What happens when you have an emergency? Do you have a source of cash you can tap into to help you navigate through the hard times? Or will you be left stranded and have to incur more debts to deal with your problems?

Even though life is unpredictable, one in every four​ Americans doesn’t have an emergency fund of any sort. In addition, ​51 percent​ of Americans cannot cover more than three months’ worth of expenses should the unexpected happen.

And yet, 52 percent​ of Americans in the country have some kind of life insurance, and 92 percent ​of them have a health insurance plan. Clearly, if so many people have various types of life and health insurance, the issue boils down to liquidity.

Read More​: Concept of Insurance

What Is Liquidity?

Liquidity refers to how easy or difficult it will be for you to sell an asset you own for cash should the need arise. And you should be able to convert it into cash without significantly impacting its price.

Sometimes, people are asset rich, but cash poor because the things or investments they own have low liquidity. On the other hand, if you can quickly convert your assets into cash, it means those investments are highly liquid.

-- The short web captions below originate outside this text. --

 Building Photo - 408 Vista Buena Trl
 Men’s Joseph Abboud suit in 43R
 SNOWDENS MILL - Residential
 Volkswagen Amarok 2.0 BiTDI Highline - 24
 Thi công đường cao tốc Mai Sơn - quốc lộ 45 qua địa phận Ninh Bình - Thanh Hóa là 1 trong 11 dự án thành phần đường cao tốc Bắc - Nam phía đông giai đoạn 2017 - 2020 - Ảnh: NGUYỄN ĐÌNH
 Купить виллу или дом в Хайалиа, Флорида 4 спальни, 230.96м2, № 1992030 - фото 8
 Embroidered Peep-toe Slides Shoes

Liquidity in Life Insurance

Liquidity in life insurance refers to how easy it will be to obtain cash from your life insurance. You can take advantage of liquidity in life insurance policies in several ways.

1. Withdraw Cash Value

Typically, life insurance products that possess a cash value component, such as whole or universal life insurance, are more liquid. That is because you can simply withdraw from it to get a better cash flow. Your basis will determine how much money you can withdraw tax-free. Should you choose to also withdraw your insurance policy earnings, be prepared to pay taxes on that portion.

2. Use Dividends

Permanent life insurance policies, such as whole life insurance, tend to pay dividends regularly. But the amounts may depend on the performance of the investment. So if you have been reinvesting the dividends, you can choose to save them instead to improve your cash flow.

3. Surrender the Policy

Also, consider surrendering the policy in exchange for money. You can get the full cash value after deducting the surrender charge.

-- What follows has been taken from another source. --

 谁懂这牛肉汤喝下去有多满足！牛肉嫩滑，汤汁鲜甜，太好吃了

Unfortunately, this option will prevent your beneficiaries from enjoying the death benefits. And if the amount you have invested is not big enough, you may not have any cash value available after the surrender charges are paid. So, use this option if others are unavailable.

4. Sell Policy for Cash

Another option is to sell your policy for cash. The process is known as a life settlement and involves a third party, who will buy your policy by paying a lump sum amount that is higher than the cash value but lower than the death benefit. That person will continue paying the policy premiums and ends up collecting the death benefit in your place.

5. Borrow Against Your Policy

It is also worth noting that many kinds of life insurance enable you to build equity. So, when a financial emergency arises, you can tap into that equity and get cash instead. You could do so by using your equity as collateral when you borrow money up to the surrender value.

There is no point in having insurance and yet you cannot deal with financial emergencies. Therefore, ensure you include the option to convert some or all of your policy into cash when investing in insurance, especially life insurance. That way, you are not only covered against the insured events, but can also get cash for emergencies when you need it.